What to produce: Leaving out only the pictures, write out all the entries exactly.

Records shown:
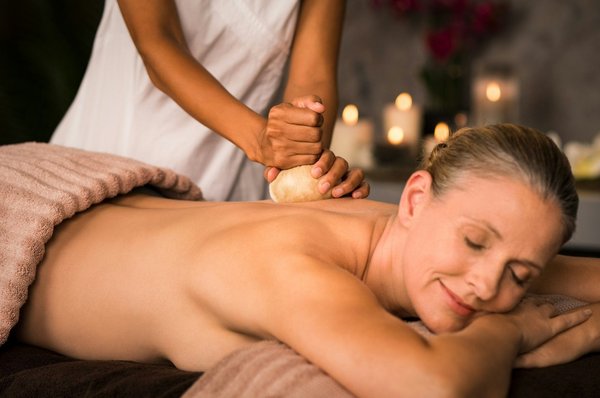 Massages et soins ayurvédiques : renouez avec votre harmonie intérieure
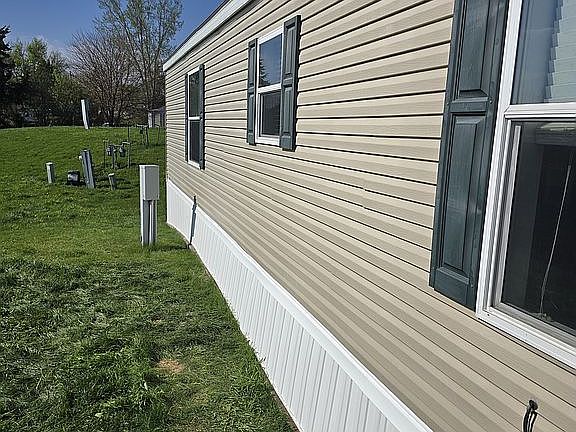 2nd image of 4225 Swan Dr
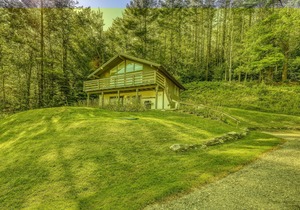 Charming duplex with breathtaking forest and nature views!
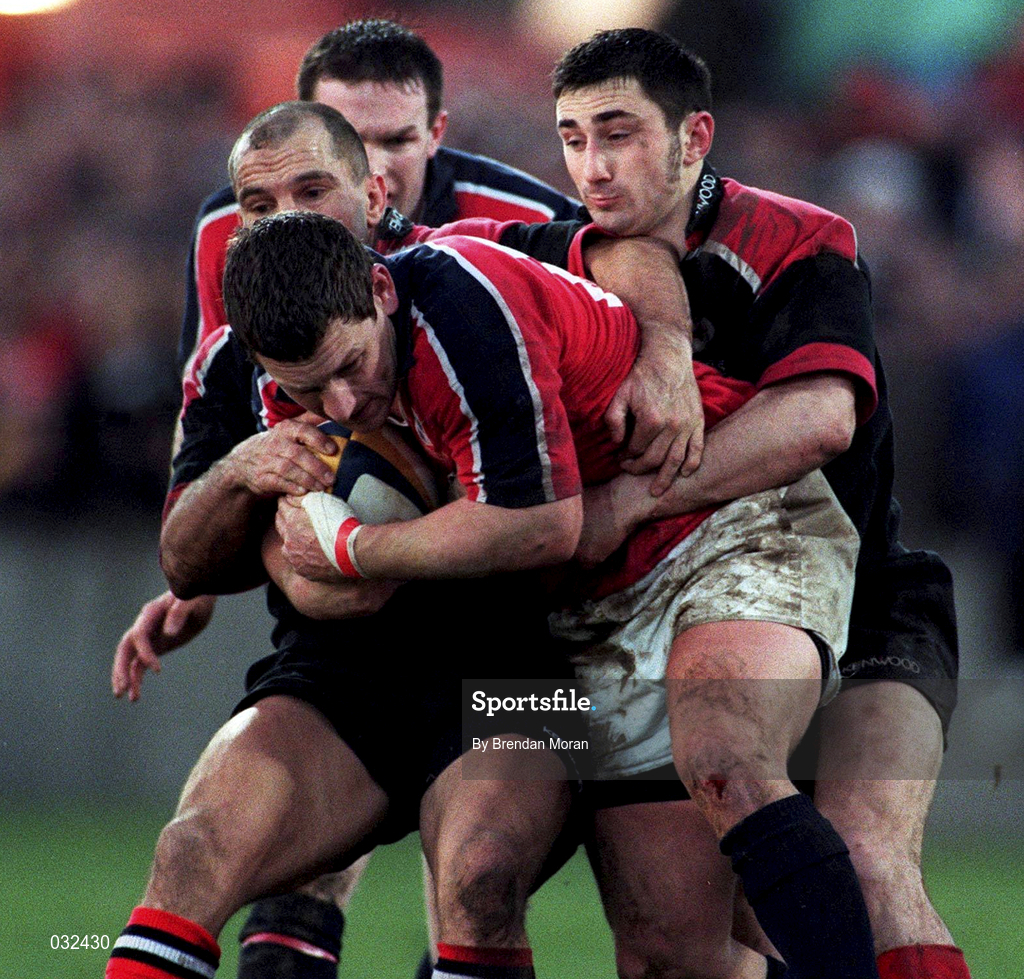 8 January 2000; Munster's Jason Holland during the Heineken Cup Pool 4 Round 5 match between Munster and Saracens at Thomond Park in Limerick. Photo by Brendan Moran/Sportsfile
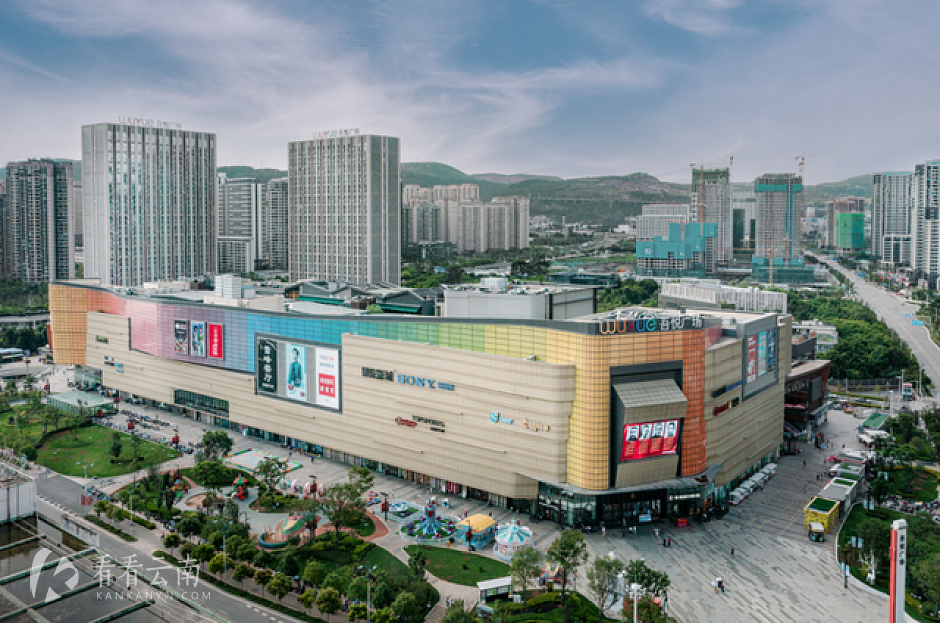 吾悦广场实拍图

Exercise result:
 Massages et soins ayurvédiques : renouez avec votre harmonie intérieure
 2nd image of 4225 Swan Dr
 Charming duplex with breathtaking forest and nature views!
 8 January 2000; Munster's Jason Holland during the Heineken Cup Pool 4 Round 5 match between Munster and Saracens at Thomond Park in Limerick. Photo by Brendan Moran/Sportsfile
 吾悦广场实拍图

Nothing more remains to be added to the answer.